Short descriptive text snippets =>
=== Begin Enclosure ===

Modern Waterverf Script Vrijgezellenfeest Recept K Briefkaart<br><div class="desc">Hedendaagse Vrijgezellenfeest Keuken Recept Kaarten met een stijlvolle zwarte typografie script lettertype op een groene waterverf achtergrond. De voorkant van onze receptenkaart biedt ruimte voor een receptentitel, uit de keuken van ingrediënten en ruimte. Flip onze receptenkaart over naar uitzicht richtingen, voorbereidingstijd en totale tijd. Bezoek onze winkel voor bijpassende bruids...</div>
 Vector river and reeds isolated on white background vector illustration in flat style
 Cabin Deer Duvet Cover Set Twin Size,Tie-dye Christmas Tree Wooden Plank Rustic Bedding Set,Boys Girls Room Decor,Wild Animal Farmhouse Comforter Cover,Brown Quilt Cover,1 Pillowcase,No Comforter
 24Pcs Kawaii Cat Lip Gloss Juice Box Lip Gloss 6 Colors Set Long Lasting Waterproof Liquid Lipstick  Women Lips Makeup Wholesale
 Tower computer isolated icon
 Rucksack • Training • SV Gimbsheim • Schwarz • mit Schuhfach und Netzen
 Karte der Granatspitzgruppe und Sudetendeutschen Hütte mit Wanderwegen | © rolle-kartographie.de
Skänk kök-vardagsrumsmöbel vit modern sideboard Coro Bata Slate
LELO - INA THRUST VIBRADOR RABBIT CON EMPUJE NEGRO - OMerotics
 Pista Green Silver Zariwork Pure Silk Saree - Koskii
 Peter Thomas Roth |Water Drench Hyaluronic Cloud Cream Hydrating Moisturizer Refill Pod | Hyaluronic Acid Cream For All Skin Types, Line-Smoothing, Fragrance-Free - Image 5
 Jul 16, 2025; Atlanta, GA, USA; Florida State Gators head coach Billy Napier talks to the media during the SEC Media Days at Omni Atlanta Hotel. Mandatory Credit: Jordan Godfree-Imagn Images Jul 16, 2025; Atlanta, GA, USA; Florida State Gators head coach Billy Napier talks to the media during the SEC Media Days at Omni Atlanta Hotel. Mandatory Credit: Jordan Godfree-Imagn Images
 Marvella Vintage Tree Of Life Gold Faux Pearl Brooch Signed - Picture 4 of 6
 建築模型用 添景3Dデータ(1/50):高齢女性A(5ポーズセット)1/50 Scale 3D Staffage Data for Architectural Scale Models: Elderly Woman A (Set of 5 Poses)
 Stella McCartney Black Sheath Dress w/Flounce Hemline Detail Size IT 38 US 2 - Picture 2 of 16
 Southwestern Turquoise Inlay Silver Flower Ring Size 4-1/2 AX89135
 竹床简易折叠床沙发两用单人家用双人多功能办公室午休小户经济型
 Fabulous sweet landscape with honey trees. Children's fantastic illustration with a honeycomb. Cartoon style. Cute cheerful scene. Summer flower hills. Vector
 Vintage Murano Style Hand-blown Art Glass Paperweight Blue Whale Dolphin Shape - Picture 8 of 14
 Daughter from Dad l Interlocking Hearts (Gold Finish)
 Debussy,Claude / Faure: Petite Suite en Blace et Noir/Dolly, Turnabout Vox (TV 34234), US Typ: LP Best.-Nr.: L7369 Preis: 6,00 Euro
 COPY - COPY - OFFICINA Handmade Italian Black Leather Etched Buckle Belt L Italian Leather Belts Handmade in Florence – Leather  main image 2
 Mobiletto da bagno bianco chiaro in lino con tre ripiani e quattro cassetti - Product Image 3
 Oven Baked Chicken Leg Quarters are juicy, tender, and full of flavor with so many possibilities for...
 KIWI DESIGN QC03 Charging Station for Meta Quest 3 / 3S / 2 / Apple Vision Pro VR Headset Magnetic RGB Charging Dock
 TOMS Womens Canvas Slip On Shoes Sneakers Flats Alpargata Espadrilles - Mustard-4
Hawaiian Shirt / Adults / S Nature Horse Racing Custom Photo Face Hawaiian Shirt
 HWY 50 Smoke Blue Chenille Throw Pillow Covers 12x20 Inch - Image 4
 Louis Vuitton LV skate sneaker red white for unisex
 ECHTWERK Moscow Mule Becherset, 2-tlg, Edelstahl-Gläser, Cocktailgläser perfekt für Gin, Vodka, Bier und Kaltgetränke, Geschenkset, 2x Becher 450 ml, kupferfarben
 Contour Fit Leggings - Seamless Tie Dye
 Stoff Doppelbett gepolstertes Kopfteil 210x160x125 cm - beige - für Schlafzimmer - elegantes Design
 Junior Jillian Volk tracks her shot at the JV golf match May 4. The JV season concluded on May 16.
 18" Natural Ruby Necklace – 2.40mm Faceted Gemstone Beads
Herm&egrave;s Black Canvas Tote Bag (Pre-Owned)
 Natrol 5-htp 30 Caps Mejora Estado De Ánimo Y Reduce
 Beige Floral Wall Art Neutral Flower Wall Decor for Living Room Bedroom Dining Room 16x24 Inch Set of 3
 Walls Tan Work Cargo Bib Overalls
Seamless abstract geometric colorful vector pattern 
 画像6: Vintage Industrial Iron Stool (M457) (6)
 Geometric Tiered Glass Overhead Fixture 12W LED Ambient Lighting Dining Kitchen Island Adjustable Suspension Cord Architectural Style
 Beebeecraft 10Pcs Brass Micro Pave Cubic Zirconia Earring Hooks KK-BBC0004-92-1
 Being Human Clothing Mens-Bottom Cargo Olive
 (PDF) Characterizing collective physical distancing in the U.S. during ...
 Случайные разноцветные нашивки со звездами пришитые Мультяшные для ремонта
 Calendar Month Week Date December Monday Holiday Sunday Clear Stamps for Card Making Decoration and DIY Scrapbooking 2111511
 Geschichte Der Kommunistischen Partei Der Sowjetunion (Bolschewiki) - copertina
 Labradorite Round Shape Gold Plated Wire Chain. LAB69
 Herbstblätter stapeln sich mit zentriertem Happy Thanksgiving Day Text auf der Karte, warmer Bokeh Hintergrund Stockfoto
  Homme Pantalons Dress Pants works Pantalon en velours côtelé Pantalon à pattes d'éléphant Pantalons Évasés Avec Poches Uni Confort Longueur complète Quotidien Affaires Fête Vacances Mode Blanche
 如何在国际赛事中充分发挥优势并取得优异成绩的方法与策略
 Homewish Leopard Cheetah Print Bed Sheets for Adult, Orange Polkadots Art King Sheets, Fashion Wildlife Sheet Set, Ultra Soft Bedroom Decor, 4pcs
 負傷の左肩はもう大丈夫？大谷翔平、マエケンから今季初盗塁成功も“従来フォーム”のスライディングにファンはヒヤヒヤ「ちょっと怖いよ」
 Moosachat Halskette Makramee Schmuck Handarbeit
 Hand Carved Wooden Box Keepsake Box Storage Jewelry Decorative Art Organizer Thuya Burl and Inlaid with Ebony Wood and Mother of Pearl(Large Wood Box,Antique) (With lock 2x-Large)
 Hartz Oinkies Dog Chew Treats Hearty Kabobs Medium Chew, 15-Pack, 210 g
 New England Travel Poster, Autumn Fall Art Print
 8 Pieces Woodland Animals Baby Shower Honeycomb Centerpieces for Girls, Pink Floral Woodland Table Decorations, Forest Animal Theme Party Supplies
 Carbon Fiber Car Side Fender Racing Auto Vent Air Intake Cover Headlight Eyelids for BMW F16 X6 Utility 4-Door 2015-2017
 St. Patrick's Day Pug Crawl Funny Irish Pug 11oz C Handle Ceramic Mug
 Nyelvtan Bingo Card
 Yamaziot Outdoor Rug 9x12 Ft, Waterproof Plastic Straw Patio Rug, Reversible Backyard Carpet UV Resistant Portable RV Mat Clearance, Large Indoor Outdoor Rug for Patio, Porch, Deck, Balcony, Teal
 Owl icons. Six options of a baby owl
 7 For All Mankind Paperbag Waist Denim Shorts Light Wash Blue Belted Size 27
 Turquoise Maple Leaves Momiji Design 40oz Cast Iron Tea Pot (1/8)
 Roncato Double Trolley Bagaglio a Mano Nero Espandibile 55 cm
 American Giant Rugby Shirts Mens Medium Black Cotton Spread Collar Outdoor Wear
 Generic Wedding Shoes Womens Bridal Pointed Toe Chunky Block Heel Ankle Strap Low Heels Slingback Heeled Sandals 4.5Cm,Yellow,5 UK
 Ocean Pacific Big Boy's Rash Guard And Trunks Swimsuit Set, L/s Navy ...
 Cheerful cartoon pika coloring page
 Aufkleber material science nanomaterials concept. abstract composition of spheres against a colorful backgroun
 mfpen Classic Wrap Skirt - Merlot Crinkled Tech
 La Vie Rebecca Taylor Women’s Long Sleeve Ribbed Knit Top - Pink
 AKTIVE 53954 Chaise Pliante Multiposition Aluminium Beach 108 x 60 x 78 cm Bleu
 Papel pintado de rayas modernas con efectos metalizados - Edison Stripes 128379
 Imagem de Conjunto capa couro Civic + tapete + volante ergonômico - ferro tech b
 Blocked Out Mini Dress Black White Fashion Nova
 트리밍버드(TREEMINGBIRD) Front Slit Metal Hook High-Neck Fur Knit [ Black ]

=== End Enclosure ===

Description of the task =>
What do the lines above say from the one containing "Cabin Deer Duvet" down to the one containing "Marvella Vintage Tree"? Return them exactly, both end lines included, and only them.

Exercise answer =>
 Cabin Deer Duvet Cover Set Twin Size,Tie-dye Christmas Tree Wooden Plank Rustic Bedding Set,Boys Girls Room Decor,Wild Animal Farmhouse Comforter Cover,Brown Quilt Cover,1 Pillowcase,No Comforter
 24Pcs Kawaii Cat Lip Gloss Juice Box Lip Gloss 6 Colors Set Long Lasting Waterproof Liquid Lipstick  Women Lips Makeup Wholesale
 Tower computer isolated icon
 Rucksack • Training • SV Gimbsheim • Schwarz • mit Schuhfach und Netzen
 Karte der Granatspitzgruppe und Sudetendeutschen Hütte mit Wanderwegen | © rolle-kartographie.de
Skänk kök-vardagsrumsmöbel vit modern sideboard Coro Bata Slate
LELO - INA THRUST VIBRADOR RABBIT CON EMPUJE NEGRO - OMerotics
 Pista Green Silver Zariwork Pure Silk Saree - Koskii
 Peter Thomas Roth |Water Drench Hyaluronic Cloud Cream Hydrating Moisturizer Refill Pod | Hyaluronic Acid Cream For All Skin Types, Line-Smoothing, Fragrance-Free - Image 5
 Jul 16, 2025; Atlanta, GA, USA; Florida State Gators head coach Billy Napier talks to the media during the SEC Media Days at Omni Atlanta Hotel. Mandatory Credit: Jordan Godfree-Imagn Images Jul 16, 2025; Atlanta, GA, USA; Florida State Gators head coach Billy Napier talks to the media during the SEC Media Days at Omni Atlanta Hotel. Mandatory Credit: Jordan Godfree-Imagn Images
 Marvella Vintage Tree Of Life Gold Faux Pearl Brooch Signed - Picture 4 of 6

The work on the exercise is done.